To be honest, when we first heard about the JB-110b, the first question that sprang to mind was "What would you need that for?" The ah-ha! moment came when Junxion informed us that Google uses them in its employee shuttles to keep workers connected while moving offsite or around campus. A small company could also reduce its IT department's workload by using the Junxion Box, because instead of buying and supporting multiple cards, the IT person can support just one card and one Junxion box.
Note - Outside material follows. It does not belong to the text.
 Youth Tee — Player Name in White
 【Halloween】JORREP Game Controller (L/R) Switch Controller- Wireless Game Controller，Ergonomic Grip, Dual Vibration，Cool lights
The lime-green color of the JB-110b, which is 6.25 inches deep, 10.25 inches wide, and 1.125 inches high, was probably chosen to make consumers aware of the product, but it has the advantage of making the box easy to spot; it's less likely to be stepped on or kicked while in the field. Adorning the brightly hued box are two Ethernet ports (both are configured as LAN ports, but you can use port 2 as a WAN port for a wired connection over DSL, cable, or an office network), power and status lights, a single 802.11b wireless antenna, and the top-mounted PC Card slot where you insert your cellular PC card modem. At the time of our hands-on testing, the JB-110b supported AT&T's (now Cingular) wireless service via the Novatel Wireless U520 (UMTS and GPRS) and Sony Ericsson's GC82 (EDGE and GPRS); Cingular's EDGE and GPRS networks with the same GC82; Sprint's 1xRTT network with the Novatel Wireless C201 and Sierra Wireless 550; and Verizon's service with the Audiovox 5220 (1xEV-DO and 1xRTT) and Audiovox 3220 (1xRTT). The JB-110b's software is upgradable, and Junxion plans to support newer modems and services as they become available.
Maximum speeds currently run from about 50Kbps to 70Kbps (a bit faster than dial-up) for the more widely implemented 2.5G connections, such as Sprint's current offering, to about 300Kbps to 700Kbps for smaller coverage area 3G connections, such as Cingular's UMTS. You can get faster bursts, and rates will vary wildly according to your location and signal strength. Suffice it to say, cellular broadband isn't quite cable yet, though faster services are in the works, including a 2.4Mbps service from Sprint and a scintillating 14.4Mbps enhanced version of UMTS called High Speed Downlink Packet Access, which should hit select locations one of these days. Right now, 3G services are all rather expensive, with charges starting at about $80 per month for an unlimited access plan.
The JB-110b's straightforward HTML interface makes it a snap to configure, though the amount of time it takes to adjust itself can be a bit lengthy--up to 5 minutes for a full reset. After upgrading to firmware version 1.09, we found the GUI pretty much bulletproof. Cellular broadband connections can be surprisingly fast, but they're more often quick enough only for light data transfer and surfing. We saw noticeable lags as the card established a connection before each transfer. Though we loved the JB-110b's ability to leverage cellular data connections--it performed perfectly in our informal tests--we wish Junxion had provided a bit better router functionality. The box works well in its intended role and is fast enough for any current cellular broadband connection, but in a day and age of parallel 802.11g, 802.11n, gigabit Ethernet and WPA, the JB-110b's two 10/100 ports, plain old 802.11b, and porous WEP security seem quaint and not very future proof. Still, the Junxion Box is a potentially useful product for early adopters or businesses with a real need to share a cellular connection. Our only cautionary advice is that fence-sitters might want to wait for a cheaper, consumer-targeted version or one with faster wireless and better security.
Junxion supports the JB-110b with a one-year warranty. Online support includes updated manuals, firmware, and an e-mail link. Toll-free telephone support is available 8 a.m. to 5 p.m. PT, Monday through Friday, holidays excepted.